Study material START

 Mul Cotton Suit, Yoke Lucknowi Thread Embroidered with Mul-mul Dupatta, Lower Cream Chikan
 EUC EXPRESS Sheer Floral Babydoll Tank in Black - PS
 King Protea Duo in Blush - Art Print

Study material END
Study material START

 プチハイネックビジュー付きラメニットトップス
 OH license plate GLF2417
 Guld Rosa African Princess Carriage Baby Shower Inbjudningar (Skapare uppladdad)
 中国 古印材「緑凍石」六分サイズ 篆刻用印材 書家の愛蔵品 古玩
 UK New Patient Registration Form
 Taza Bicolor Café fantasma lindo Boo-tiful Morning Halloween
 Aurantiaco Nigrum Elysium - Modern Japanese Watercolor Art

Study material END

**What the task asks**
In the listing above, locate the line containing "OH license plate GLF2417" and the line containing "Aurantiaco Nigrum Elysium". Transcribe those two lines and everything between them, exactly as written.

**Response for this exercise**
 OH license plate GLF2417
 Guld Rosa African Princess Carriage Baby Shower Inbjudningar (Skapare uppladdad)
 中国 古印材「緑凍石」六分サイズ 篆刻用印材 書家の愛蔵品 古玩
 UK New Patient Registration Form
 Taza Bicolor Café fantasma lindo Boo-tiful Morning Halloween
 Aurantiaco Nigrum Elysium - Modern Japanese Watercolor Art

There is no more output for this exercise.